> _What is required_
Beginning with the line that has "317 Anita Street, Redondo" and ending with the line that has "Marvel Studios Thor: Ragnarok..L", retype the entries below exactly, except for the pictures.

> _Given data_

┄┄┄┄┄┄┄┄┄┄

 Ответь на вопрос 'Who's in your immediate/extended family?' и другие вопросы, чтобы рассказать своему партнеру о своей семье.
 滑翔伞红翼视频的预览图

┄┄┄┄┄┄┄┄┄┄

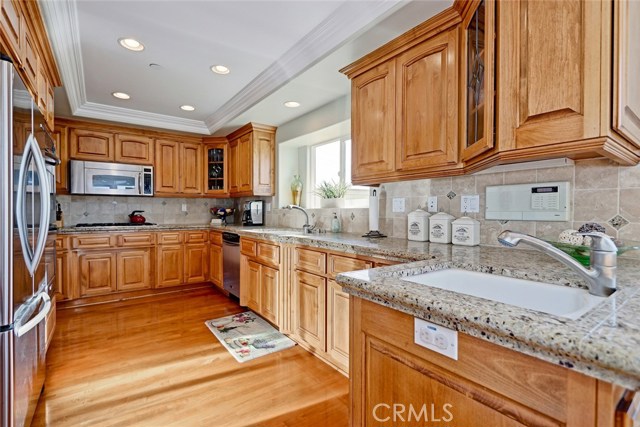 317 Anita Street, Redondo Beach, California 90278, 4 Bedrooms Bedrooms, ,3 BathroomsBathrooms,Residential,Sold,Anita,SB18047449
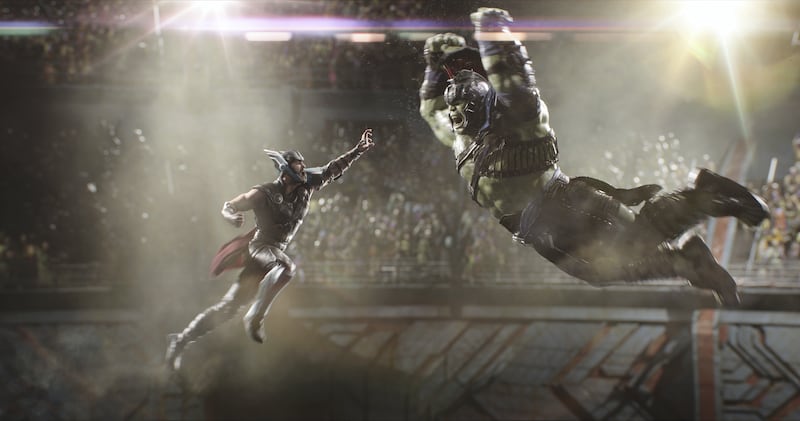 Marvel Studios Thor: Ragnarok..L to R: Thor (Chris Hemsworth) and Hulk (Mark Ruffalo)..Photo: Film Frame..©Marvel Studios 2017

┄┄┄┄┄┄┄┄┄┄

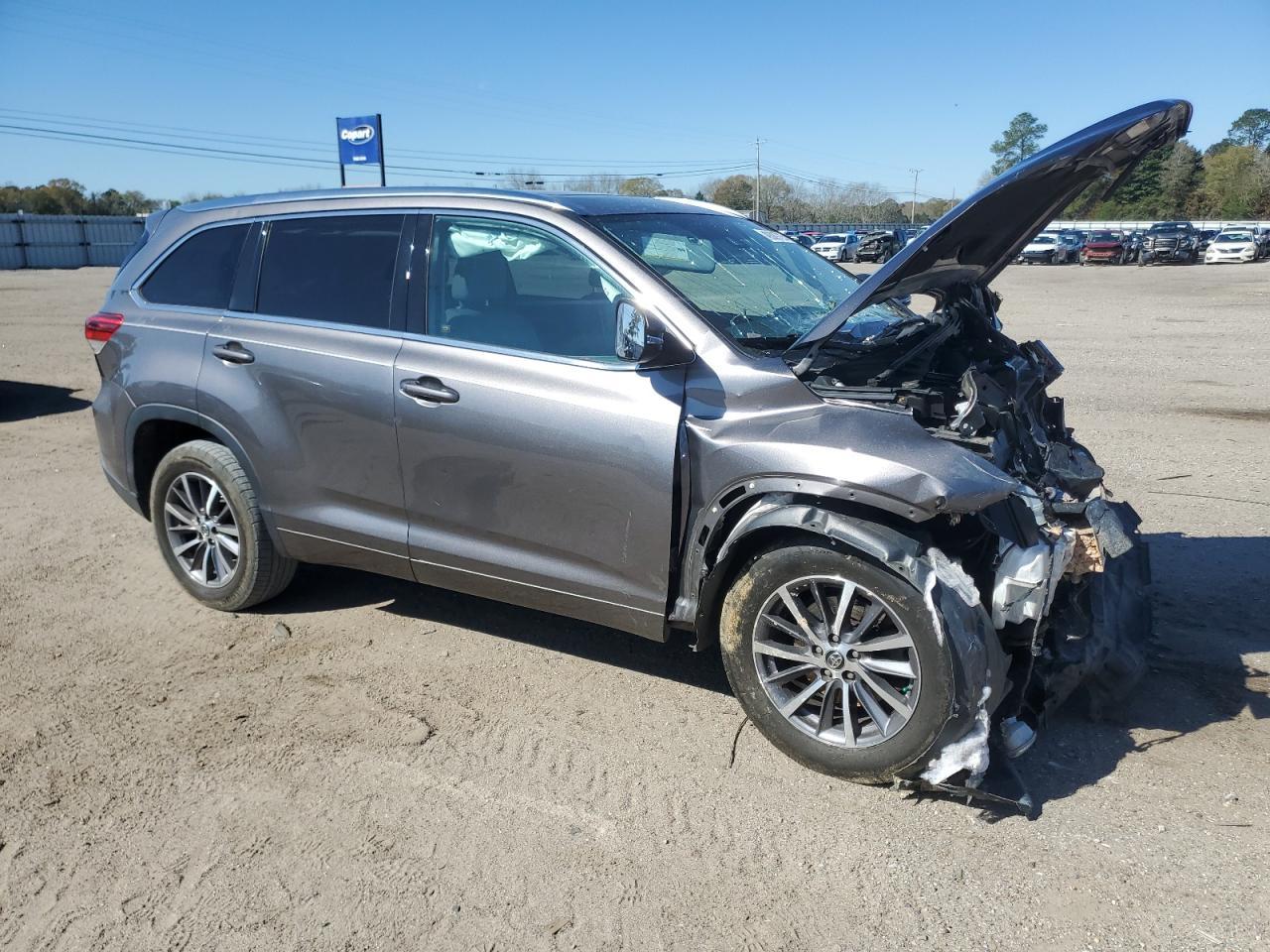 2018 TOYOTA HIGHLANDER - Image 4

┄┄┄┄┄┄┄┄┄┄

> _Solution_
 317 Anita Street, Redondo Beach, California 90278, 4 Bedrooms Bedrooms, ,3 BathroomsBathrooms,Residential,Sold,Anita,SB18047449
 Marvel Studios Thor: Ragnarok..L to R: Thor (Chris Hemsworth) and Hulk (Mark Ruffalo)..Photo: Film Frame..©Marvel Studios 2017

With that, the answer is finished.